- Born: 4 March 1955 (age 71) Utah, U.S.
- Occupations: Video game designer, video game producer, actor, writer, businessman
- Notable credit: Tex Murphy

= Chris Jones (Access Software) =

American businessman and video game designer (born 1955)

Christopher Jones (born March 4, 1955) is a video game designer and producer, CEO, finance professional, and actor. He is best known for a series of interactive movies in which he stars as Tex Murphy, a private investigator who lives in San Francisco in the middle of the 21st century.

==Career==
Jones was a founding member of Access Software, along with Bruce Carver and his brother Roger Carver, and remained its CFO until it was sold to Microsoft in 1999.

At Access, Jones served as a finance executive. As the company's output turned toward more story-driven titles, he became more involved in writing, design, and production. He designed and wrote the point-and-click adventure games Amazon: Guardians of Eden and Countdown, and served as producer on various titles in the Links golf franchise.

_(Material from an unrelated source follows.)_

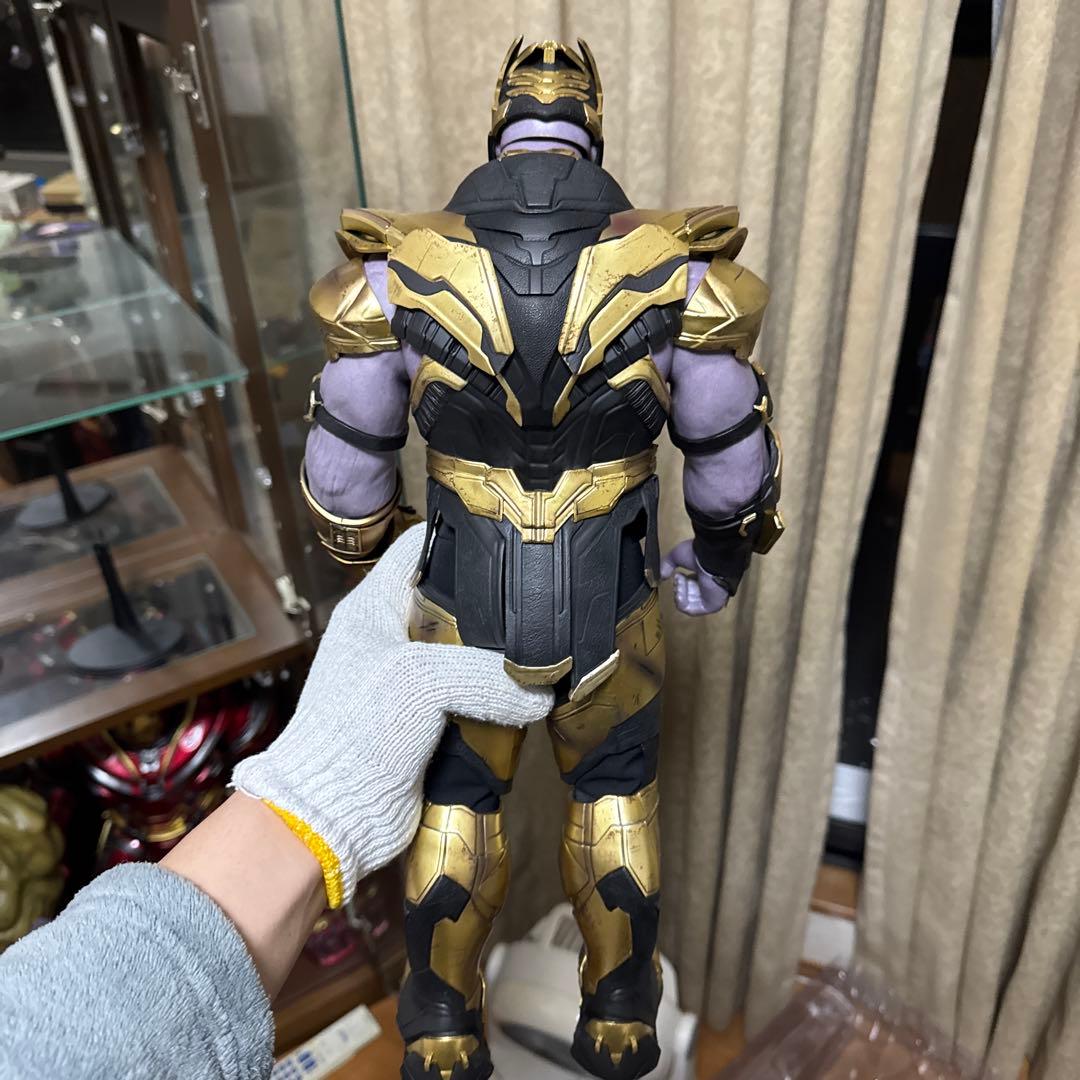 サノス フィギュア ホットトイズ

Jones is best recognized by many gamers for the creation and portrayal of Tex Murphy in a series of adventure games, beginning with 1989's Mean Streets. Initially, this meant little more than posing for the games' cover art, digitized sprites and assorted still frames. As the series transitioned to full motion video with the third installment Under A Killing Moon, Jones' role became increasingly cinematic, acting alongside established Hollywood actors such as Brian Keith, Margot Kidder and Russell Means. In later games of the series he acted with John Agar, Kevin McCarthy, Barry Corbin, Tanya Roberts, Michael York, Henry Darrow, and June Lockhart.

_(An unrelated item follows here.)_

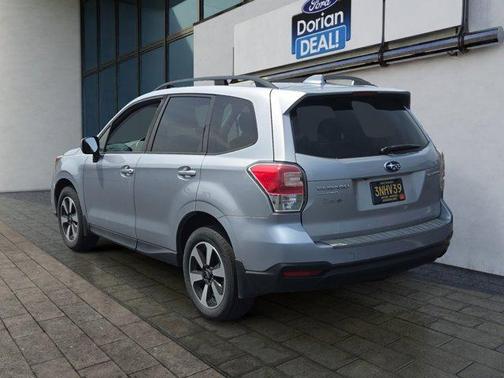 Ice Silver Metallic 2018 Subaru Forester 2.5i Premium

After Access was re-christened Indie Built and sold to Take-Two Interactive, he was the company's Chief Financial Officer until its dissolution in 2006.

Following the dissolution of Indie Built, the company's golf division was spun off into a new company, TruGolf, focusing on high-end golf simulators using real clubs. Jones serves as Finance Executive for TruGolf and, in 2007, founded Big Finish Games, which shares the same office. Big Finish Games initially aimed to bridge the gap between casual games and the traditional adventure game audience, by offering simple hidden object games with a heavy focus on story. Their first title, Three Cards to Midnight, was released in May 2009. Other Big Finish titles include Three Cards to Dead Time (2010), Murder Island: Secret of Tantalus (2011), Escape from Thunder Island (2011), and Rita James and the Race to Shangri La (2012).